BEGIN EXCERPTED DATA

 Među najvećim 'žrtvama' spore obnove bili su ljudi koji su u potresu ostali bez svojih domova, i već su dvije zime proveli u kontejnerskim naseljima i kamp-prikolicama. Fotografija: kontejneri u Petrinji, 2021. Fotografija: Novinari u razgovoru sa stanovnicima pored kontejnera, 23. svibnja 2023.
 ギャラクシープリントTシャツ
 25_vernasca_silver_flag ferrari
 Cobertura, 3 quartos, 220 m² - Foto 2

END EXCERPTED DATA
BEGIN EXCERPTED DATA

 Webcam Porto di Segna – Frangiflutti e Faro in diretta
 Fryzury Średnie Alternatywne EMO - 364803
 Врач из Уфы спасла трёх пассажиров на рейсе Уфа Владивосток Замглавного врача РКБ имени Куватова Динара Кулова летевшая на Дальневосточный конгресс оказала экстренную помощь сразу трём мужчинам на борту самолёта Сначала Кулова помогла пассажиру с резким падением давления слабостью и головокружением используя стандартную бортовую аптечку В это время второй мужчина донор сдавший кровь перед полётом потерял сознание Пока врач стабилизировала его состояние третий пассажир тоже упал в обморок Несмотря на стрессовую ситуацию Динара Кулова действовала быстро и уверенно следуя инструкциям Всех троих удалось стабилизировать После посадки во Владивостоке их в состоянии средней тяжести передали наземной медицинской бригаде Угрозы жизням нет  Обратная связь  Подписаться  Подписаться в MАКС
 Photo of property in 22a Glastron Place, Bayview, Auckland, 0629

END EXCERPTED DATA

INSTRUCTIONS TO FOLLOW
Copy out the lines above exactly, beginning at the one that contains "Među najvećim 'žrtvama'" and ending at the one that contains "Cobertura, 3 quartos, 220 m² - Foto 2".

RESULT OF THIS TASK
 Među najvećim 'žrtvama' spore obnove bili su ljudi koji su u potresu ostali bez svojih domova, i već su dvije zime proveli u kontejnerskim naseljima i kamp-prikolicama. Fotografija: kontejneri u Petrinji, 2021. Fotografija: Novinari u razgovoru sa stanovnicima pored kontejnera, 23. svibnja 2023.
 ギャラクシープリントTシャツ
 25_vernasca_silver_flag ferrari
 Cobertura, 3 quartos, 220 m² - Foto 2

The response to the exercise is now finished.